What is needed: Range to copy from the entries below: the line containing "Video thumb for Cock Robin Dabbler Variant" through the line containing "突发水灾应急处理,如何应对与防范?", inclusive. Retype only those lines, exactly, without any images.

Data provided:

....

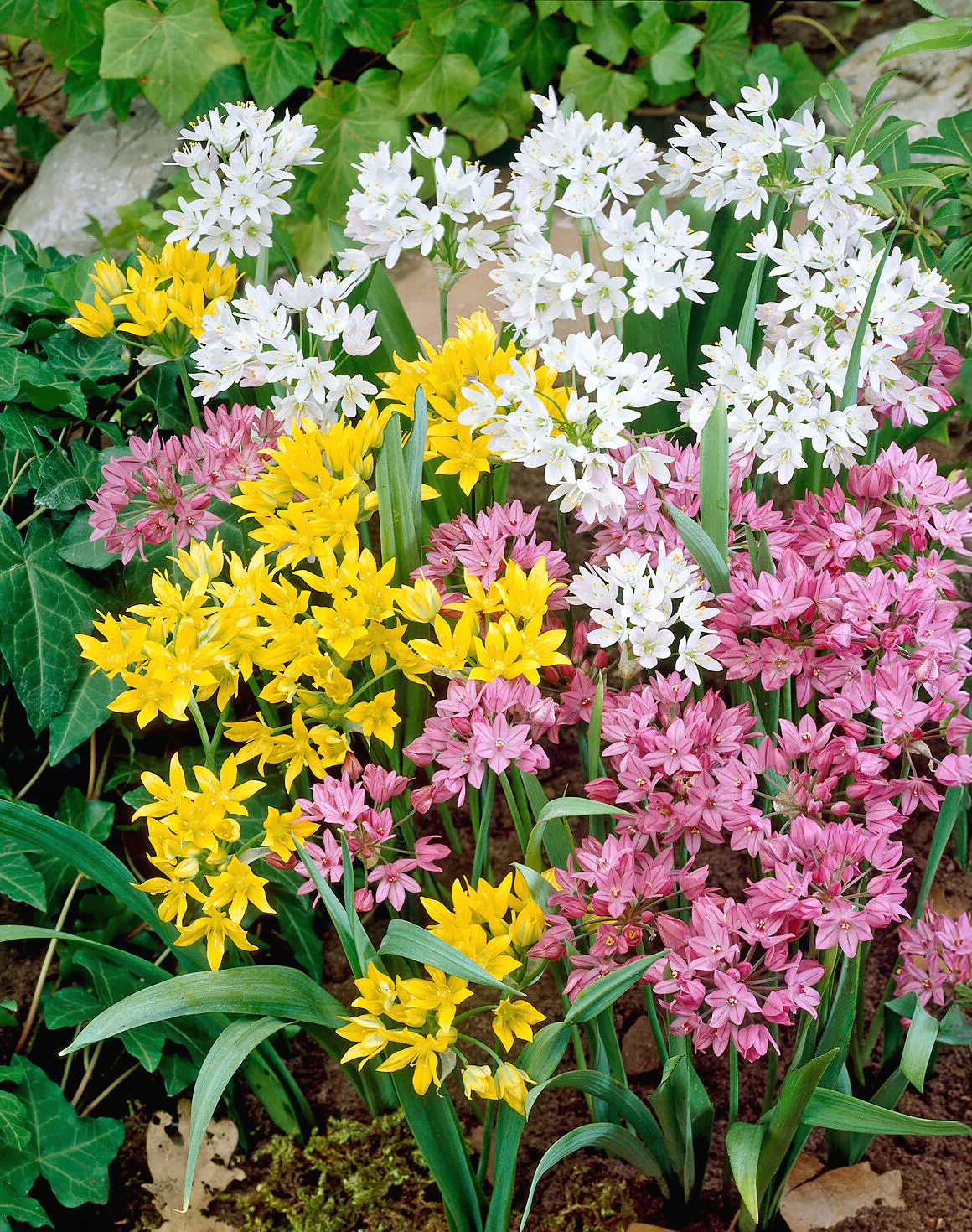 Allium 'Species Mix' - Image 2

....

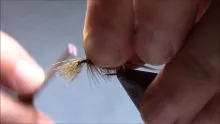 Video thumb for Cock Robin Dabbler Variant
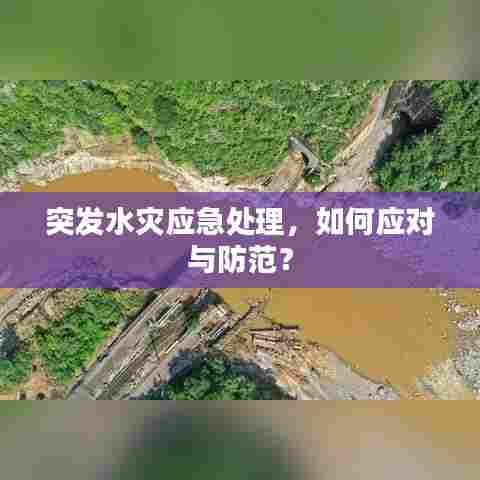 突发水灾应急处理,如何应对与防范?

....

Expected answer:
 Video thumb for Cock Robin Dabbler Variant
 突发水灾应急处理,如何应对与防范?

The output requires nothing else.